Cumhurbaşkanı Yardımcısı Cevdet Yılmaz, Cumhurbaşkanlığı Külliyesi’nde gerçekleştirilen Nüfus Politikaları Kurulu Toplantısı’na başkanlık etti. Toplantıda, Türkiye’nin aile yapısını koruma ve doğurganlık oranlarını artırmaya yönelik politikaları masaya yatırıldı.
Doğum Yardımlarında Yeni Dönem
Yılmaz, nüfus politikalarının uygulamaya geçirilmesinde hızlı adımlar attıklarını belirterek, doğum yardımı sisteminde yapılan yenilikleri hatırlattı. Buna göre, doğum sonrası yapılan tek seferlik yardım 5 bin TL’ye yükseltilirken; ikinci çocuk için aylık 1.500 TL, üçüncü ve sonraki çocuklar içinse aylık 5 bin TL’lik düzenli yardım ödemeleri başlatıldı.
Aile ve Gençlik Fonu 81 İlde
Evlenmek isteyen gençleri desteklemeyi amaçlayan Aile ve Gençlik Fonu’nun ülke genelinde uygulanmaya başladığını açıklayan Yılmaz, aile kurmayı teşvik etmek için "mevzuat", "sağlık", "ekonomik teşvikler", "eğitim", "çalışma hayatı" ve "farkındalık çalışmaları" başlıklarında altı ayrı çalışma grubunun oluşturulduğunu belirtti.

Demografik Göstergeler Alarm Veriyor
TÜİK’in 2024 verilerine değinen Yılmaz, doğurganlık oranlarının tarihsel olarak en düşük seviyelere indiğini vurguladı. Türkiye genelinde doğurganlık hızı 1.48’e gerilerken, bu oran İstanbul’da 1.20, İzmir’de 1.17, Ankara’da ise 1.15 olarak gerçekleşti.
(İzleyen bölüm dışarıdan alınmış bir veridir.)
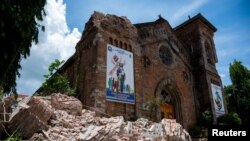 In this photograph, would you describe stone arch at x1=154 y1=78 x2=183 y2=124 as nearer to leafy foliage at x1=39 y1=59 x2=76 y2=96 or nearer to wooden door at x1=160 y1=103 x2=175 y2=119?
wooden door at x1=160 y1=103 x2=175 y2=119

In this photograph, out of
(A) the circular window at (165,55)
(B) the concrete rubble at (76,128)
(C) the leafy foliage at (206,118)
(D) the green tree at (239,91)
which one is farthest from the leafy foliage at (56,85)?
(D) the green tree at (239,91)

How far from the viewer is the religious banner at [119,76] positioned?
16.1 m

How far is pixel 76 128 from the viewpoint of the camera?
9.96 metres

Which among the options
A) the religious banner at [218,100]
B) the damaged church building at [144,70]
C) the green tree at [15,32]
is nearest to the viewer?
the green tree at [15,32]

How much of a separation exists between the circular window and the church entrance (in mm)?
2464

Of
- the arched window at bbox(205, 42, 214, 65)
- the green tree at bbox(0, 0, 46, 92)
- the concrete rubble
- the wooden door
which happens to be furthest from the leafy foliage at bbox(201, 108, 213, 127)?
the green tree at bbox(0, 0, 46, 92)

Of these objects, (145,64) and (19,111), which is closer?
(19,111)

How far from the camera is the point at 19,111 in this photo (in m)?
9.53

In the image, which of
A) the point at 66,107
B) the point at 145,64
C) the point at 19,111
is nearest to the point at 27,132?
the point at 19,111

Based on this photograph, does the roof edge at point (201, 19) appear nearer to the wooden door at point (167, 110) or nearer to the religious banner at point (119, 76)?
the wooden door at point (167, 110)

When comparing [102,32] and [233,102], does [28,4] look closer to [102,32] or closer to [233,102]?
→ [102,32]

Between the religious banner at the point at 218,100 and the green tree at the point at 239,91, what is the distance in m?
5.96

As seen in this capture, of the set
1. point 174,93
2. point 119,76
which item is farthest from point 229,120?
point 119,76

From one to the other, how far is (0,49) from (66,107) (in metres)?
5.16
Nüfusun yenilenme seviyesinin altında kalan bu oranlara dikkat çeken Yılmaz, yaşlı nüfusun arttığını, ortanca yaşın da 2014’ten bu yana 30,7’den 34,4’e yükseldiğini aktardı.
Yalnız yaşayan birey sayısındaki artışa dikkat çeken Yılmaz, 2024’te tek kişilik hanelerin oranının %20’ye, tek başına yaşayan yaşlı sayısının ise 1,75 milyonu aştığını belirtti.
“Aile Kurmayı Kolaylaştıracak Politikalar Hayati Öneme Sahip”
Doğurganlık hızındaki gerilemenin temel nedenlerinden biri olarak evlenme ve ilk doğum yaşının artmasını gösteren Yılmaz, kadınlarda ilk evlilik yaşının 22,7’den 25,8’e, ilk doğum yaşının ise 25,5’ten 27,3’e yükseldiğine dikkat çekti. Bu durumun, kadınların doğurganlık dönemini kısalttığını ve toplam doğurganlık hızını düşürdüğünü ifade etti.
2026-2035 "Aile ve Nüfus On Yılı" İlan Edildi
Yılmaz, Cumhurbaşkanı Erdoğan’ın öncülüğünde 2026-2035 yıllarının “Aile ve Nüfus On Yılı” olarak ilan edildiğini hatırlattı. Doğurganlıktaki düşüşü “varoluşsal bir tehdit” olarak tanımlayan Yılmaz, bazı uluslararası kuruluşların doğurganlığı azaltmaya yönelik çalışmalar yürüttüğüne ve medyada küresel bir “cinsiyetsizleştirme” kampanyası olduğuna dikkat çekti.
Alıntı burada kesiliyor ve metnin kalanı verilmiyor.